▶ **Dataset**:

________________________________________

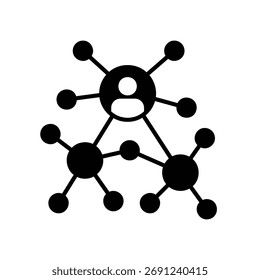 Networking or social network icon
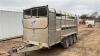 IFOR WILLIAMS 14' x 6' 3.5t tri-axle cattle trailer (s/n 620533)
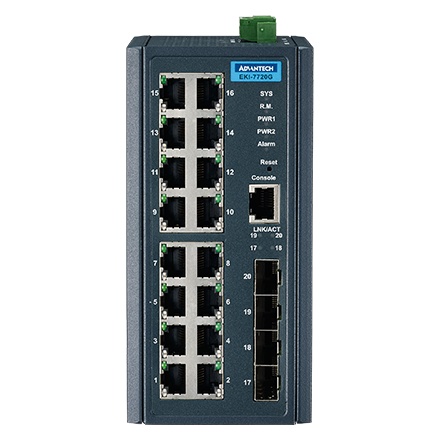 16 Gigabit Ethernet + 4 SFP Managed Switch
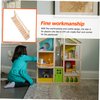 Toyvian 1 Set Doll House Stair Railing Miniature Kit Mini Accessories Wooden Playpen Miniature Funiture Model Miniature Dollhouse Supplies Furniture and Accessories Mini House Accessory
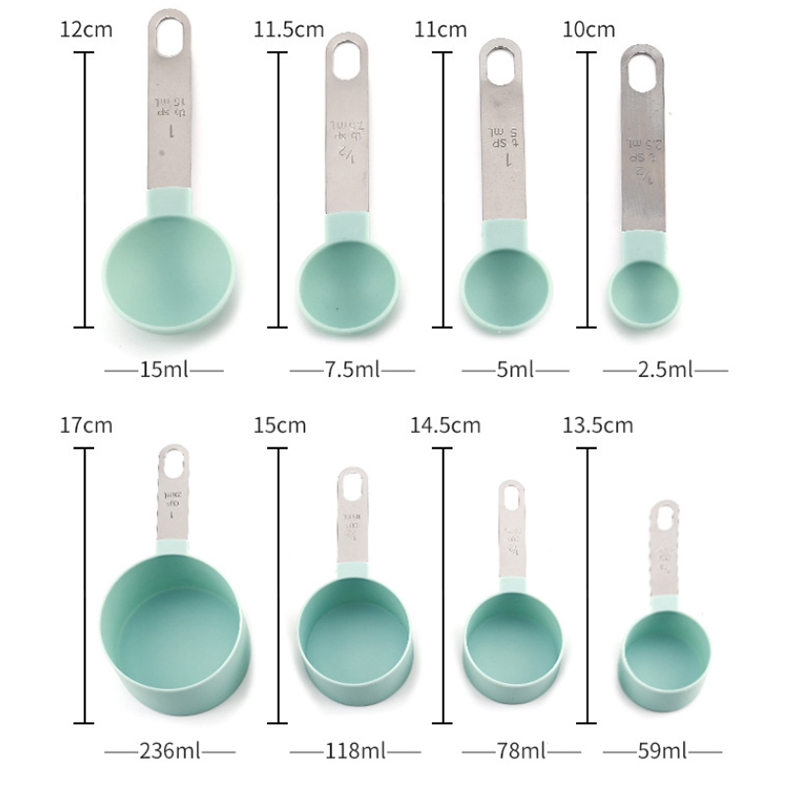 8 個計量カップスプーンセットベーキングケーキペストリー調理 - Kitchen Baking Utensils のレビューと価格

________________________________________

▶ **Exercise directions**:
Repeat the listing verbatim. Skip the pictures.

▶ **Your solution**:
 Networking or social network icon
 IFOR WILLIAMS 14' x 6' 3.5t tri-axle cattle trailer (s/n 620533)
 16 Gigabit Ethernet + 4 SFP Managed Switch
 Toyvian 1 Set Doll House Stair Railing Miniature Kit Mini Accessories Wooden Playpen Miniature Funiture Model Miniature Dollhouse Supplies Furniture and Accessories Mini House Accessory
 8 個計量カップスプーンセットベーキングケーキペストリー調理 - Kitchen Baking Utensils のレビューと価格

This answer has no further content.